● **YOUR TASK**
Pictures must not appear in the copy. Restate exactly the lines below from the one with "OLEKA CANVAS - FIELDS" through the one with "Carexidil 5% Spray Cutaneo, Soluzione 3x60 ml 1", inclusive.

● **RECORDS FOR THIS EXERCISE**
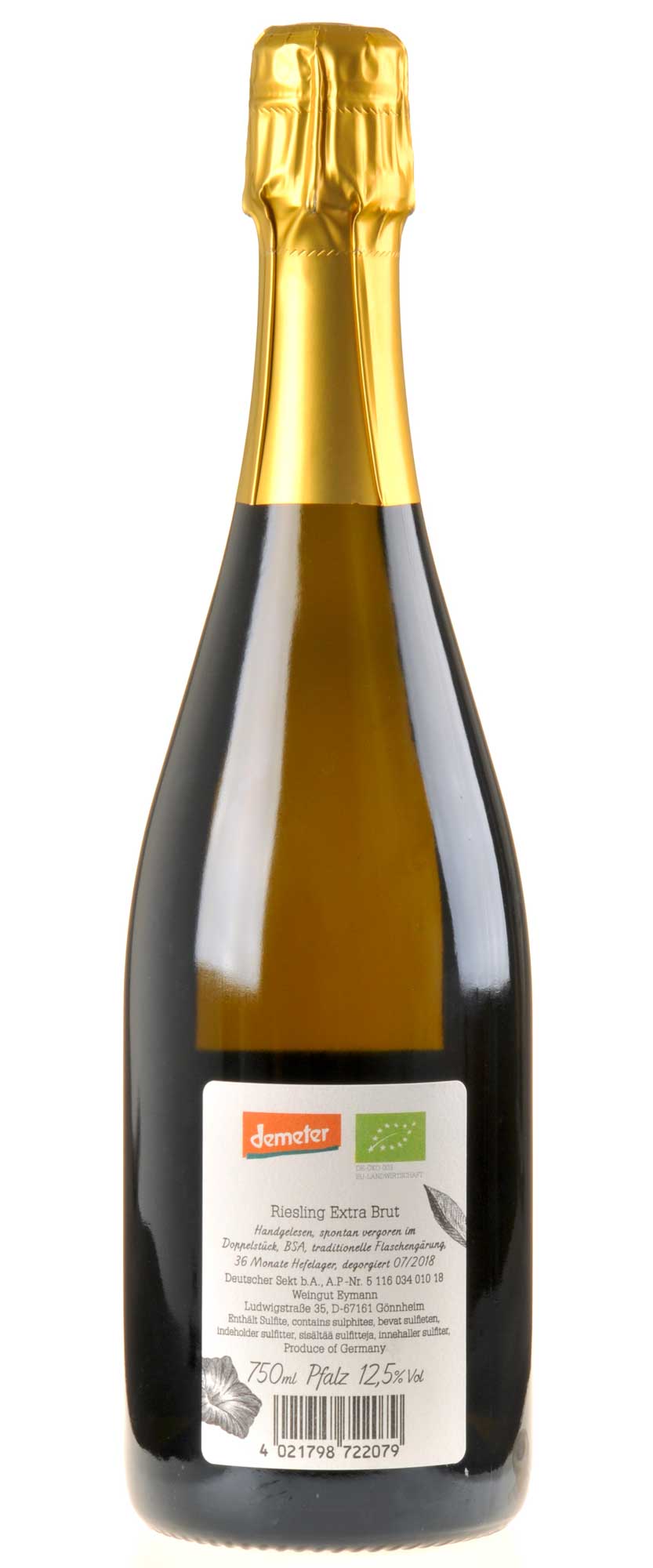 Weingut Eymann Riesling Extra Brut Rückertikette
---
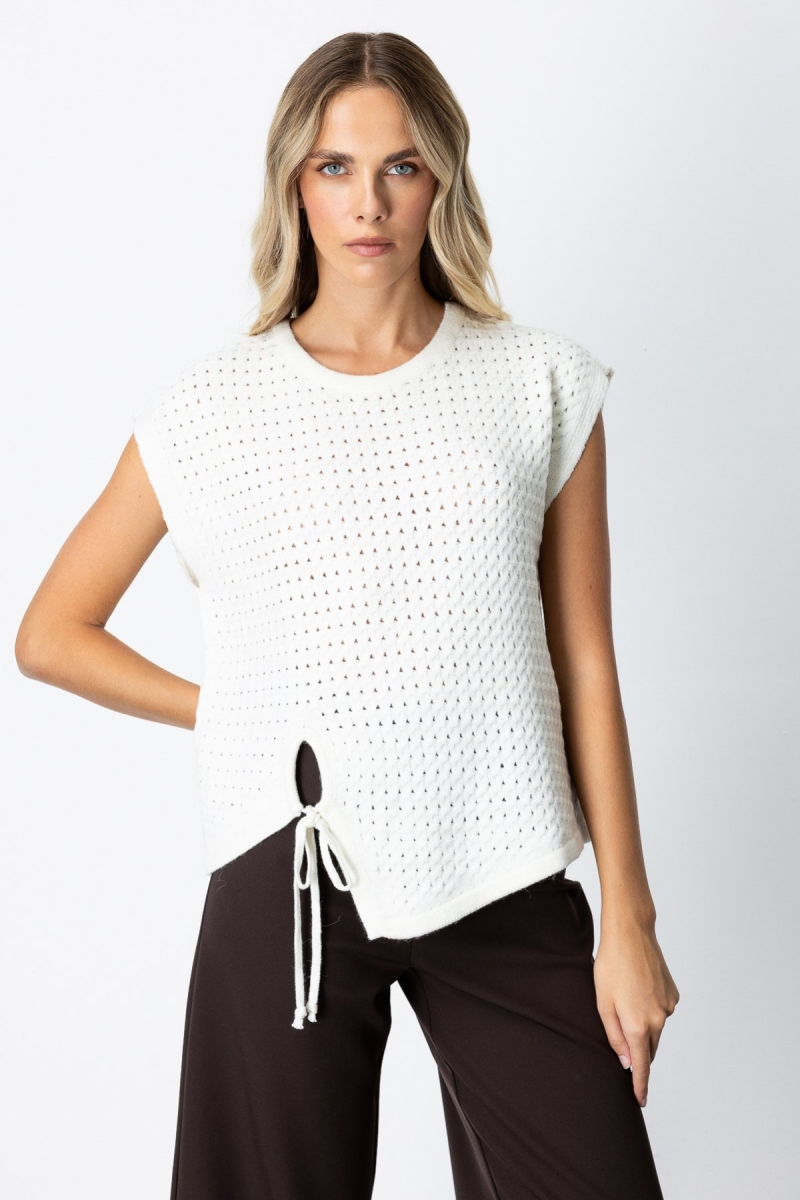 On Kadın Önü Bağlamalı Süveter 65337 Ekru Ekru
--
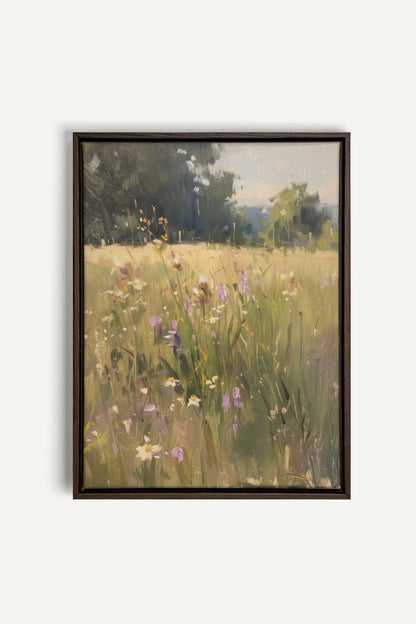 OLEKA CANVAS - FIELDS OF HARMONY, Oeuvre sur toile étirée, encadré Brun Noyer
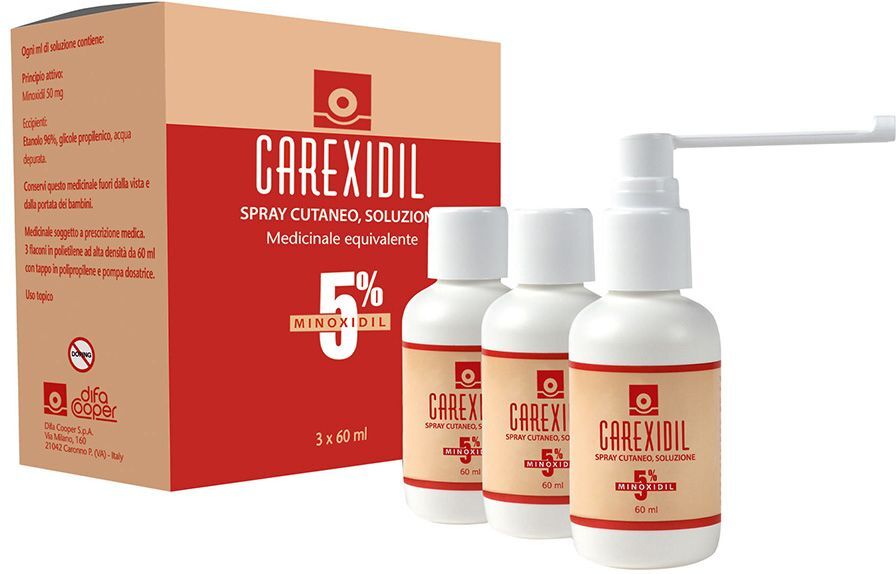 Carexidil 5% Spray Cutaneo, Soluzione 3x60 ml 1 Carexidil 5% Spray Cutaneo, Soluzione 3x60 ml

● **RESPONSE BELOW**
 OLEKA CANVAS - FIELDS OF HARMONY, Oeuvre sur toile étirée, encadré Brun Noyer
 Carexidil 5% Spray Cutaneo, Soluzione 3x60 ml 1 Carexidil 5% Spray Cutaneo, Soluzione 3x60 ml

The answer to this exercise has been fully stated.